PostgreSQL procedural languages overhead (plpython / plsql / pllua…)

plpgsqlplpythonpostgresql

I'm trying to find information about PostgreSQL user defined functions in procedural languages performance for real time tasks.

  1. How does they compare to builtin functions?
  2. Is there any difference (in overhead) how Postgres call / manage plpython vs plpgsql vs pllua functions (I'm interested in the Postgres integration / context / data transfer side, not the VM itself)?
  3. Is the context a big overhead? Can I use it for realtime data mapping (let's say 1000 queries/s))
  4. Is there any benefit of writing user defined functions in plpgsql then other pg/language? On the documentation they enumerate advantages, but I think they apply to all postgresql procedural languages.

Related findings:

Best Answer

  1. UDFs in interpreted languages are pretty much always slower than UDFs written in C or built-in functions, all other things being the same.
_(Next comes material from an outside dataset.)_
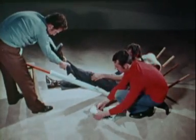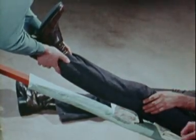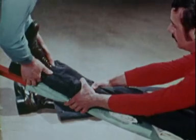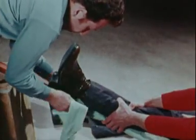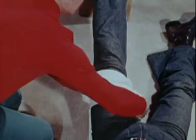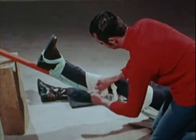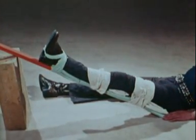Hold the injured limb raised above the splint and add extra padding in the hollow behind the knee and under the ankle, then gently place the injured limb on the splint. Hold the splint in place with one bandage tied in figure of eight round the ankle and foot, with a second wide bandage round the hip, and with a third below the knee. The patient should be transported in this position, which reduces muscular tension, but always watch out for shock.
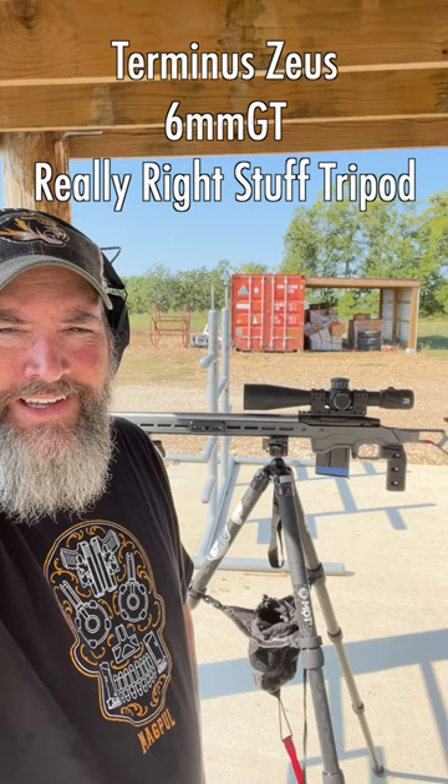The truth behind a shot like that is that it's actually quite simple. If you completely isolate the human movement out of the system, lock everything down in a tripod, and you have a really flat shooting caliber and you've kind of already figured out your wind, it's not a very difficult shot to make — but it just speaks to good quality equipment and a little bit of know-how.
  2. Each language binding has different code to connect PostgreSQL to the language, with different degrees of optimisation, different ways of passing some data types, etc. So variation certainly exists. It shouldn't be huge unless you're passing a data type that gets very different handling by one language than another, e.g. one passes a hstore as a string, and another converts it to a dict.

  3. Unclear what "the context" is. Can you use it for "real time data mapping" ... well, depends on what the function does and if it's fast enough on the server it's running on, for the clients it's taking to, and for your requirements. How long is a piece of string? Benchmark.

  4. PL/PgSQL is simpler to write, and offers faster access to SQL. It's generally better when you need to wrap a little logic around a lot of SQL. It's very slow for mathematical operations and complex algorithms, so purely computational code in PL/PgSQL should be avoided whenever possible in favour of C, or a faster procedural language.

Speedups when re-implementing PL/PgSQL code in C can vary from neglible to over 1000 times. It all depends on what the code is actually doing.

(This kind of multi-question isn't well suited to Stack Exchange as it's harder to have a definitive answer)